------ Supplied records ------

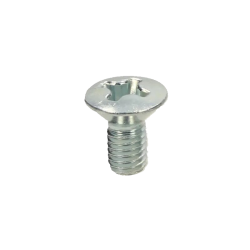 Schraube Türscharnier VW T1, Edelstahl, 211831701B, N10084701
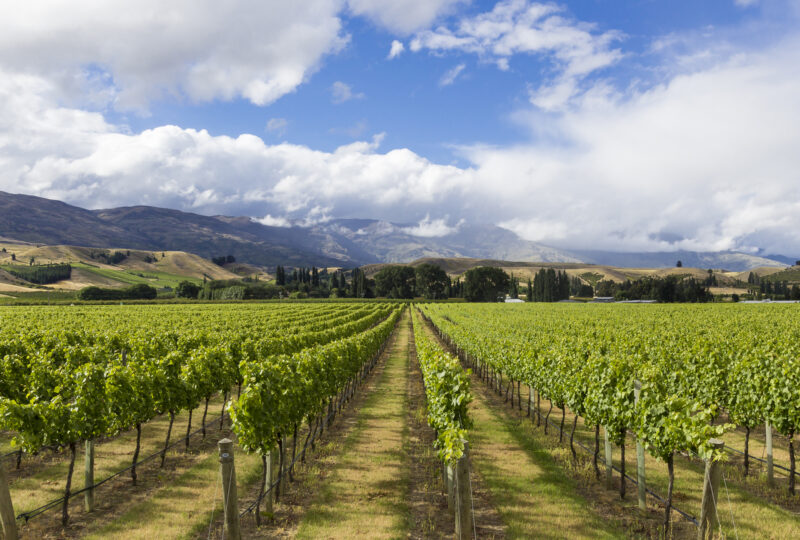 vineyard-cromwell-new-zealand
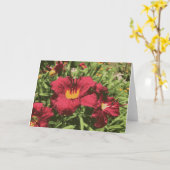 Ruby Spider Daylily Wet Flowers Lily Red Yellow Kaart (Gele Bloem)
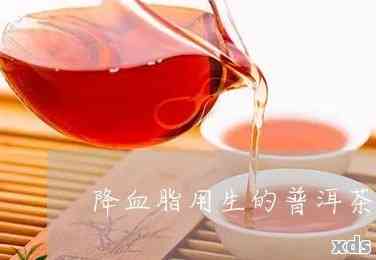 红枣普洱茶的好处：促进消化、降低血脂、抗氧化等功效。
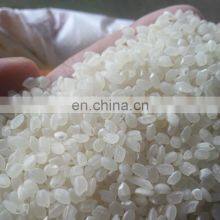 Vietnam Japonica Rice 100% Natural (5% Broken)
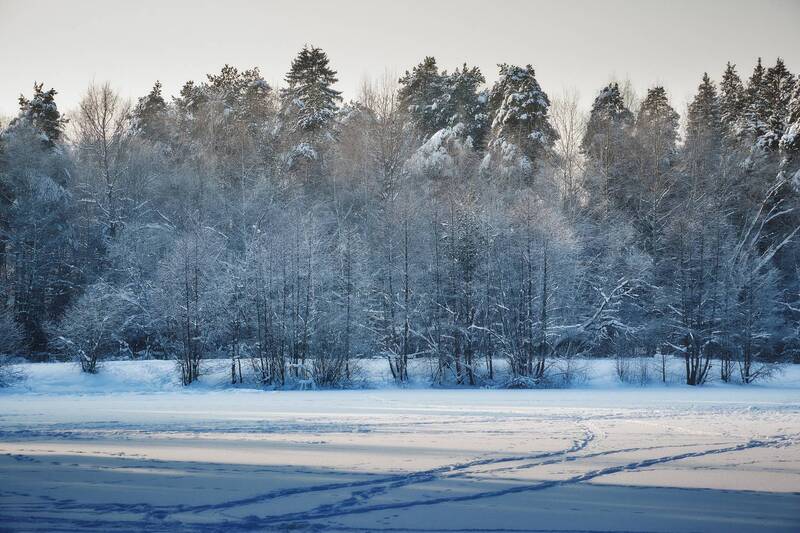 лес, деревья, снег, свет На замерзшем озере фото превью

------

▸ **Directions**
Strip the images and reproduce the remaining records precisely.

▸ **Reply**
 Schraube Türscharnier VW T1, Edelstahl, 211831701B, N10084701
 vineyard-cromwell-new-zealand
 Ruby Spider Daylily Wet Flowers Lily Red Yellow Kaart (Gele Bloem)
 红枣普洱茶的好处：促进消化、降低血脂、抗氧化等功效。
 Vietnam Japonica Rice 100% Natural (5% Broken)
 лес, деревья, снег, свет На замерзшем озере фото превью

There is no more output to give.